The US embassy issue remains so delicate that the Obama administration went to the Supreme Court to block a law passed by Congress that would allow American parents of children born in Jerusalem to list Israel as their birthplace on their passports. When Obama traveled to Jerusalem in September for the funeral of president Shimon Peres, the White House initially released a transcript of his eulogy as having taken place in “Jerusalem, Israel.” Just a few hours later, they “corrected” it by crossing out the word “Israel.”
The US government is not alone in this delusional semantic preoccupation. The Cable News Network once decided that Jerusalem was no longer in Israel in their weather section. They summarily removed it from the list of cities noted in CNN’s regional daily weather forecasts.
Many geography books leave Israel off the world map. Some still insist that the speck of land surrounded by Arab countries should be called “Palestine.”
Such political and bureaucratic bone-headedness fly in the face of modern realities. It’s a wonder that US passports for people born in Israel’s holy city don’t list them as having entered the world in “Occupied Jerusalem.”
US Support for the Embassy Move
In Congress and the Senate, there has long been bipartisan support for the Jerusalem Embassy Act. Senators from both aisles said to Clinton: “Non-fulfillment of the law does no good to the US-Israeli relationship or to prospects for Arab-Israel peace.”
Meanwhile, every six months for the past 22 years, Presidents repeatedly vetoed the Act.
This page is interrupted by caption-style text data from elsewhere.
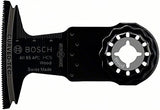 Bosch Zubehör Aiz 65 BC HCS Tauchsägeblatt Holz 2608662358
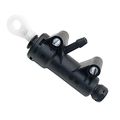Clutch Master Cylinder 072-9549 Complete New Assembly With Premium Seals And Materials Application Specific For Vehicle Fit 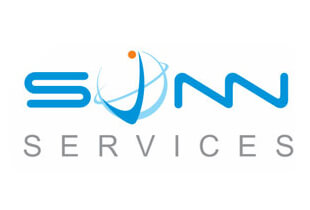 SVNN Consulting Services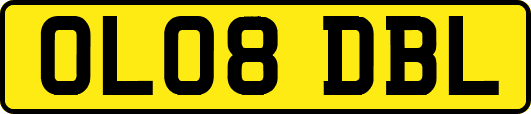 OL08DBL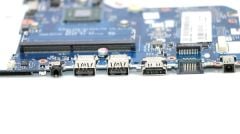 Lenovo ideapad 130-14AST AMD A4-9125 İşlemcili On Board Notebook Anakart LA-G241P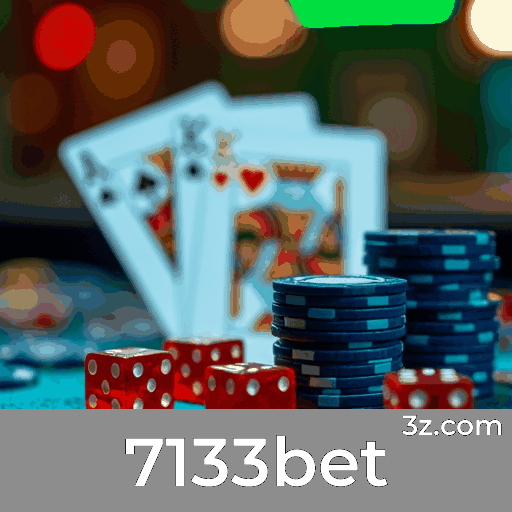 Play Slots and Live Casino Games at 7133bet Brazil 7133bet sports betting Brazil cricket and football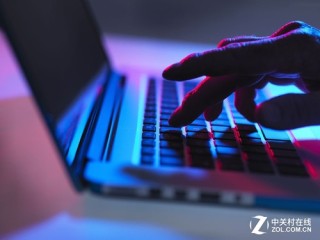 如何选择豆粕期权软件？豆粕期权软件对交易有什么帮助？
The results have been spectacularly unsuccessful.
Read More: Jerusalem Post “WHY TRUMP SHOULD MOVE US EMBASSY TO JERUSALEM”
US Commitment to Israel
It would be useful for the Trump team to point out something to the leaders of Egypt, Saudi Arabia, Morocco, and Jordan. They should point out that the embassy move reflects something that all these countries should appreciate. It serves to reaffirm America’s commitment to allies and its willingness to take bold steps to give meaning to those alliances. More generally, U.S. envoys ought to signal a renewed commitment to broader U.S. leadership in the region. That will encourage Arab leaders to use means at their disposal to rein in obstreperous elements in their societies eager to stoke popular outrage at the embassy move.